The Correct Option is A

Step 1: Understand precipitation in coordination compounds. When silver nitrate (AgNO\(_3\)) is added to a solution of a coordination complex, it only reacts with the halide ions that are outside the coordination sphere (the square brackets). These are known as counter-ions. Ions inside the coordination sphere are covalently bonded to the central metal atom and do not dissociate.
Step 2: Relate the amount of precipitate to the number of counter-ions. The problem states that one mole of silver chloride (AgCl) is precipitated per mole of the complex. This means there must be exactly one chloride ion (\(\text{Cl}^-\)) available as a counter-ion in the formula.
Step 3: Examine the given formulas.
- \(\text{[CoCl}_2\text{(NH}_3)_4\text{]Cl}\): Has one \(\text{Cl}^-\) outside the brackets. Will precipitate 1 mole of AgCl.

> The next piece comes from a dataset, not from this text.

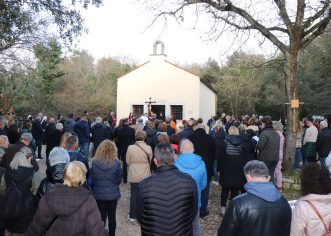 U Vrsaru održan tradicionalni križni put „Ka sv. Andriji“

- \(\text{[CoCl(NH}_3)_5\text{]Cl}_2\): Has two \(\text{Cl}^-\) outside the brackets. Will precipitate 2 moles of AgCl.
- \(\text{[CoCl}_3\text{(NH}_3)_3\text{]}\): Has zero \(\text{Cl}^-\) outside the brackets. Will precipitate 0 moles of AgCl.
- \(\text{[Co(NH}_3)_6\text{]Cl}_3\): Has three \(\text{Cl}^-\) outside the brackets. Will precipitate 3 moles of AgCl.
Based on this analysis, formula is the correct answer.